The Battle of the Nile was a significant naval action fought during 1–3 August 1798. The battle took place in Aboukir Bay, near the mouth of the River Nile on the Mediterranean coast of Egypt and pitted a British fleet of the Royal Navy against a fleet of the French Navy. The battle was the climax of a three-month campaign in the Mediterranean during which a huge French convoy under General Napoleon Bonaparte had sailed from Toulon to Alexandria via Malta. Despite close pursuit by a British fleet of thirteen ships of the line, one fourth rate and a sloop under Sir Horatio Nelson, the French were able to reach Alexandria unscathed and successfully land an army, which Bonaparte led inland.
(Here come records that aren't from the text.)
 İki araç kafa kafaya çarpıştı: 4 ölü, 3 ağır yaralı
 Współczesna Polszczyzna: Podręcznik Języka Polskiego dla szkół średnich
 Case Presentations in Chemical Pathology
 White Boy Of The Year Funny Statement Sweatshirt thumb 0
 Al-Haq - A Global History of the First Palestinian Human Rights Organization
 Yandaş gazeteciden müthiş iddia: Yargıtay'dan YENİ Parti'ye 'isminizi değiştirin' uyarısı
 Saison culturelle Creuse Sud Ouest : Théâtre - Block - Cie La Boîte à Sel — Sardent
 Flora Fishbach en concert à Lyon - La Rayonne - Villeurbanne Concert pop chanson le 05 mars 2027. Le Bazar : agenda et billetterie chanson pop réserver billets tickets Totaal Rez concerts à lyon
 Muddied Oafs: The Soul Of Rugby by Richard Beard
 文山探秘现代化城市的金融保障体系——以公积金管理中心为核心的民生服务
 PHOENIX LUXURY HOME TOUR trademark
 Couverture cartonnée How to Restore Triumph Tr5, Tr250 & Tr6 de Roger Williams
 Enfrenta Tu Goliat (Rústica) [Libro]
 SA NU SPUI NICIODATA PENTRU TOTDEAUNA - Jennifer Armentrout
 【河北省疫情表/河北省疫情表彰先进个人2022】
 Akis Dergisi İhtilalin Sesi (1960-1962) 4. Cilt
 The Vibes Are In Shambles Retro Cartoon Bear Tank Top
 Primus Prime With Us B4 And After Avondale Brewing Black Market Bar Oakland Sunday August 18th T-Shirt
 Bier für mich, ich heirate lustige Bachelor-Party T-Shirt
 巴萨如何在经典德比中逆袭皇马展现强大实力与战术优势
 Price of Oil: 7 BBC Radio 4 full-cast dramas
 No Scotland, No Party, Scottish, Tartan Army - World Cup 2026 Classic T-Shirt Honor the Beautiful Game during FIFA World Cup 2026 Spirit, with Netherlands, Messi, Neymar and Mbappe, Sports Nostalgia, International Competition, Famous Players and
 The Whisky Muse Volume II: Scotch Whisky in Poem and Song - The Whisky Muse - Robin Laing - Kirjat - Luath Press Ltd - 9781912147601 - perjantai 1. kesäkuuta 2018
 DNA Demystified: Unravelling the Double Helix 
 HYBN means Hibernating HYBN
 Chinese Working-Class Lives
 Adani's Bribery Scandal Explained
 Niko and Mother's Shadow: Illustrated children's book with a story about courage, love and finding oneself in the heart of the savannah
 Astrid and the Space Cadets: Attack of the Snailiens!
The fleet that had escorted the convoy, consisting of thirteen ships of the line, four frigates and a number of smaller vessels under Vice-amiral François-Paul Brueys D'Aigalliers, anchored in Aboukir Bay as Alexandria harbour was too narrow, forming a line of battle that was protected by shoals to the north and west.

Nelson reached the Egyptian coast on 1 August and discovered the French fleet at 14:00. Advancing during the afternoon, his ships entered the bay at 18:20 and attacked the French directly, despite the rapid approach of nightfall. Taking advantage of a large gap between the lead French ship Guerrier and the northern shoal, HMS Goliath rounded the French line at 18:40 and opened fire from the unprepared port side, followed by five more British ships. The rest of the British line attacked the starboard side of the French van, catching the ships in a fierce crossfire. For three hours the battle continued as the British overwhelmed the first five French ships but were driven away from the heavily defended centre. The arrival of reinforcements allowed a second assault on the centre at 21:00 and at 22:00 the French flagship Orient exploded. Despite the death of Vice-amiral Brueys, the French centre continued to fight until 03:00, when the badly damaged Tonnant managed to join the thus far unengaged French rear division. At 06:00 firing began again as the less damaged ships of the British fleet attacked the French rear, forcing Contre-amiral Pierre-Charles Villeneuve to pull away for the mouth of the bay. Four French ships were too badly damaged to join him and were beached by their crews, two subsequently surrendered. Villeneuve eventually escaped to open water with just two ships of the line and two frigates. On 3 August the last two remaining French ships stranded in the bay were defeated, one surrendering and the other deliberately set on fire by its crew.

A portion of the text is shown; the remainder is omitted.